Although the Islamic Republic of Iran is one of the most fanatically Muslim of regimes, there is hope that Iranians, fed up with corruption and constraints that they rightly connect to the mullahs who represent a mental underclass, will begin to see, or are seeing, Islam in a new light.
And they have the possibility of doing so — a possibility denied to the Arabs. The Arabs” entire civilizational being is wrapped up in Islam, so that Islam and ‘Uruba, or ‘Uruba and Islam, are regarded as inseparable. But the Iranians are in a very different situation, because Iran has a long pre-Islamic history, one that is given great attention. And because many of its physical remains still exist, any Iranian can, if he wishes, ride in mental triumph through Persepolis, and consider how passing brave it is to be a Persian. Not a Muslim, mind you, but a Persian. The great hope is that this other identity will reassert itself. It is, after all, an identity that predates Islam, and is one that sometimes has been in opposition to Islam: see how Firdowsi, by writing his epic of the Persian kings, the Shahnameh, managed to help Iranian culture withstand the linguistic and cultural imperialism of the Arabs that in so many places effaced, or reduced to almost nothing, the pre-Islamic or non-Islamic portions of this or that people’s or region’s history.

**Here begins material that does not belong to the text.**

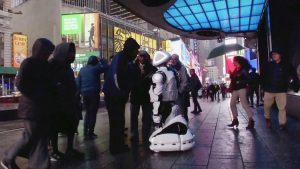 Androide diagnostica el coronavirus en Times Square de Nueva York Androide diagnostica el coronavirus en Times Square de Nueva York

I long ago mentioned that perhaps there would be, fantastical as it may seem, a return to Zoroastrianism in Iran. This return would not be based on anything intrinsically attractive about that faith, but rather on the fact that it was Persian, Iranian, before Islam (the “gift of the Arabs”) came along to dislodge it and to send into exile some Zoroastrians (who in India were known as the Parsis, or Persians), and to reduce the dwindling remaining population of Zoroastrians to a status of dhimmi. That status was written about, and then observed close up, by the British historian of Zoroastrianism Mary Boyd.

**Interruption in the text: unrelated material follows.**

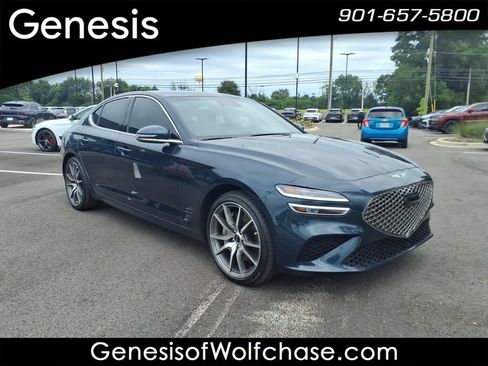 Used 2024 Genesis G70 2.5T RWD image 7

In exile, Iranians are often quite different from Arabs. They are much more open, much less hysterically wedded to defending Islam. Alone among the Muslim countries of the Middle East, Iran has a long and separate existence; it is not merely one of those countries that we call “a tribe with a flag.”

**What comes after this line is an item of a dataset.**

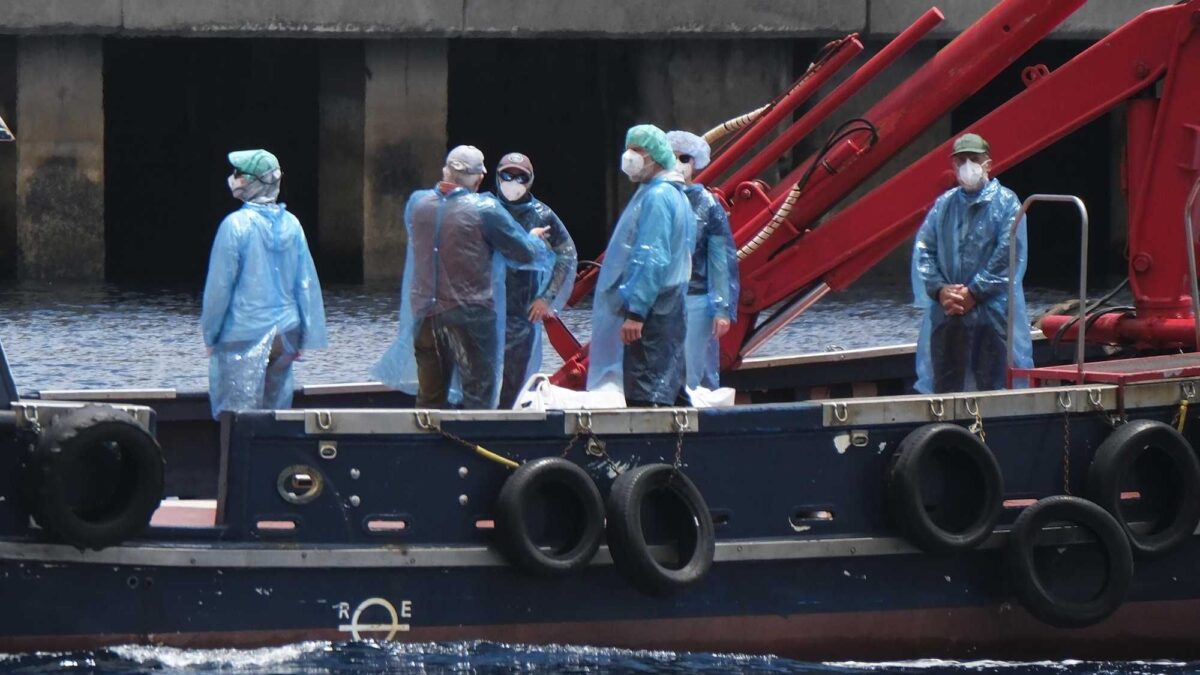 Sbarcano i passeggeri dalla nave dell’hantavirus: niente emergenze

If anything is to be salvaged from the nonstop viciousness of the Khomeini regime, and that of Khomeini’s epigones, it is that damage has been done, among thinking Iranians both in exile, and in Iran, to the status of Islam.
And that is a good thing — for Iran, and for Infidels.
It is unlikely that those countries that are either Arab, or that have nothing but Islam — I am thinking of Pakistan, which was founded, which exists, only because of Islam, to be a “land of the pure” — will be able to create a sufficient number of people who can connect the economic and political and social and moral and intellectual failures of their own states and societies to Islam itself, but those Muslims who possess another identity, a non-Arab identity, can have hope.
And despite the current fanaticism in Iran, if that regime is humiliated and wounded, even if there is a brief period, possibly a few months, of rally-round-the-flag stuff even by Iranians who should know better but cannot help themselves, the Islamic Republic of Iran will be shaken, and permanently weakened. Such a humiliation could take the form of an attack on the nuclear project. After all, if the Islamic Republic of Iran ever does manage to produce such weapons, its prestige among the primitive masses will be sky-high, and the advanced Iranians will — even if today some of them argue against such an attack — find their cause set back, with the most fanatical Muslims safely in the saddle for a long time to come.
That’s not the main reason for making sure that the Islamic Republic of Iran does not manage to produce such weapons. But it is an independent and very good reason: to hasten the day when the hold of Islam over Iran, over Iranians, is shaken sufficiently, so that other possibilities are discussed, are considered, are possibly even taken up.